Return all the data below as it stands, minus the pictures.

Supplied records below:

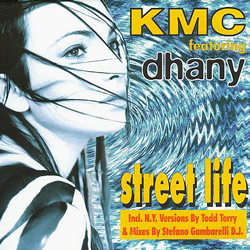 KMC 90s hity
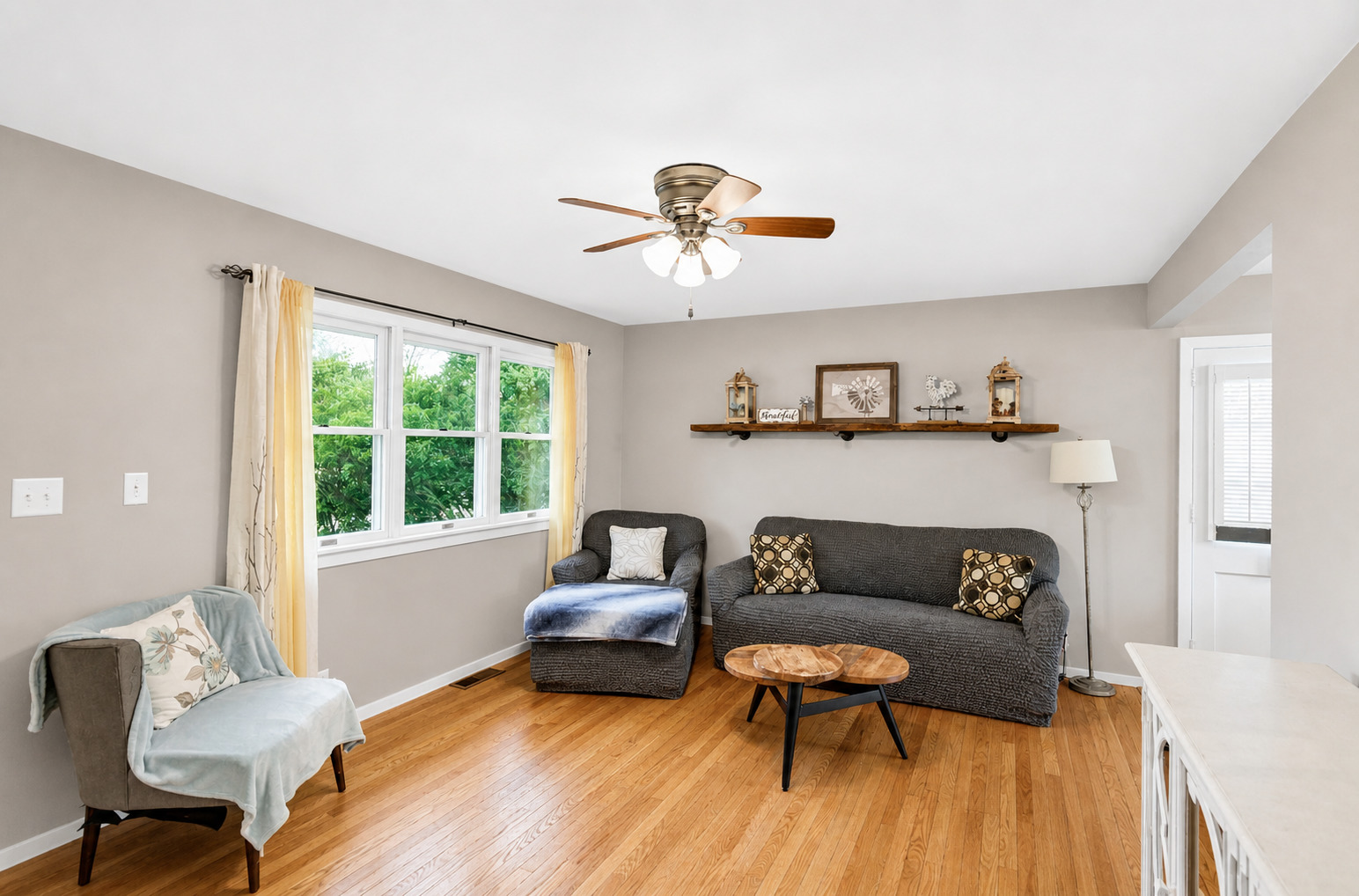 532 Webster Street Batavia, IL 60510 - Photo 4 of 39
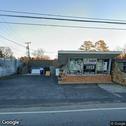 Lunn, Dentistry, dentists office located at 5323 Brainerd Rd, Chattanooga, TN.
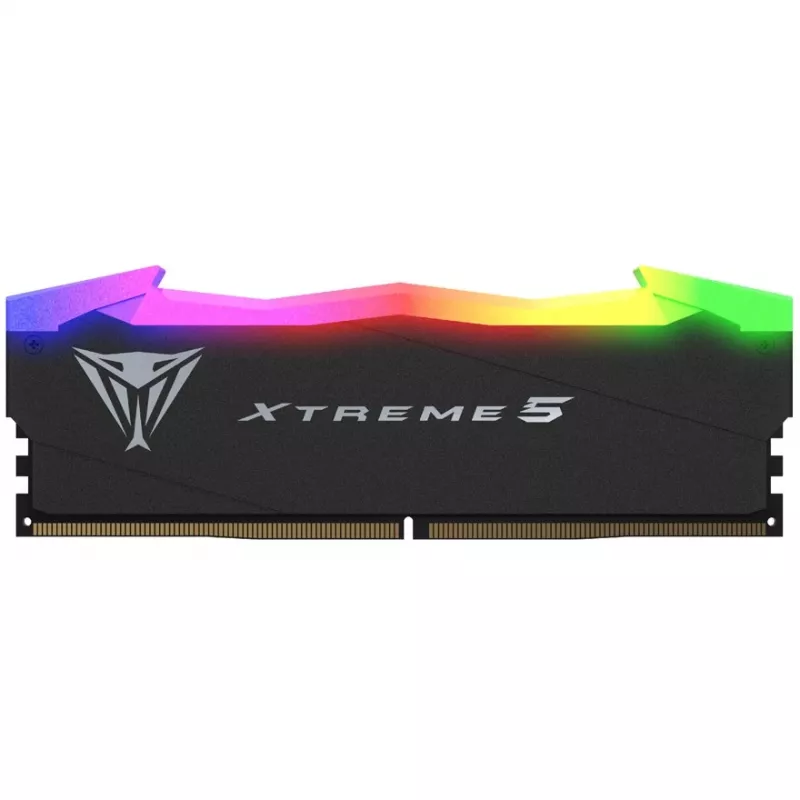 Patriot PVXR532G78C38K atminties modulis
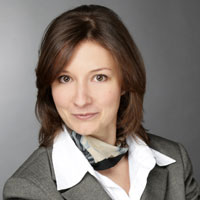 JORDAN FUHR MEYER- Rechtsanwalt in DortmundFAMILIENRECHT Radmila Simakin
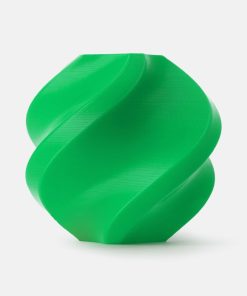 Filamento Bambu Lab ABS Verde - Carrete Bambu Lab con RFID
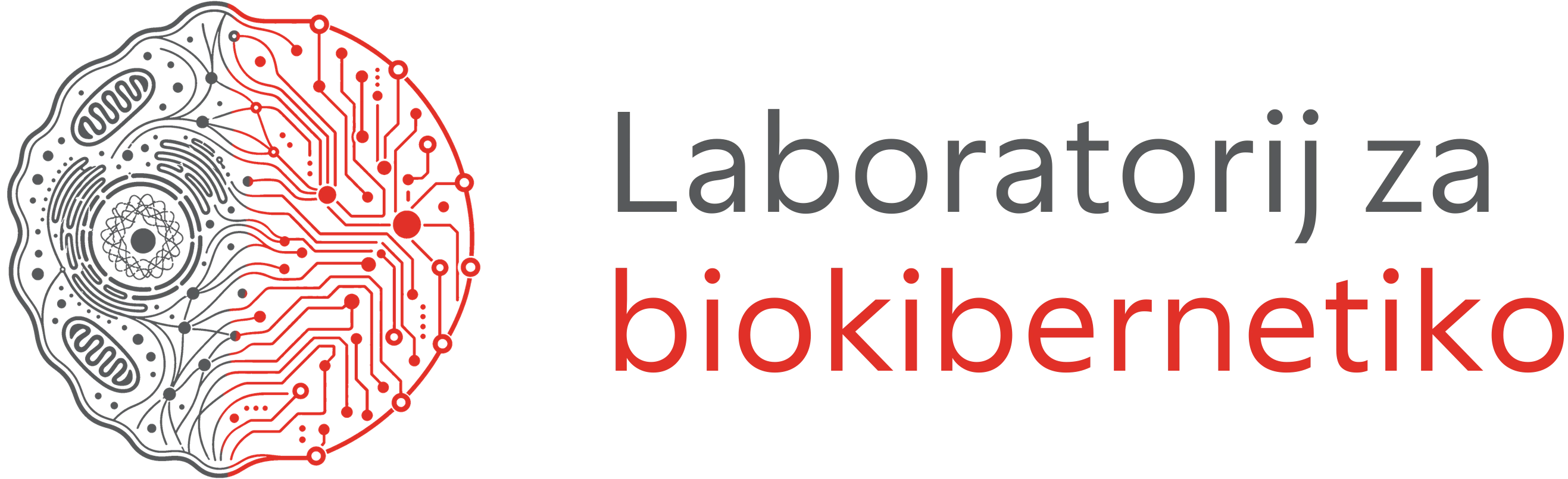 Laboratorij za biokibernetiko, Fakulteta za elektrotehniko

End of Supplied records.

:: Exercise output ::
 KMC 90s hity
 532 Webster Street Batavia, IL 60510 - Photo 4 of 39
 Lunn, Dentistry, dentists office located at 5323 Brainerd Rd, Chattanooga, TN.
 Patriot PVXR532G78C38K atminties modulis
 JORDAN FUHR MEYER- Rechtsanwalt in DortmundFAMILIENRECHT Radmila Simakin
 Filamento Bambu Lab ABS Verde - Carrete Bambu Lab con RFID
 Laboratorij za biokibernetiko, Fakulteta za elektrotehniko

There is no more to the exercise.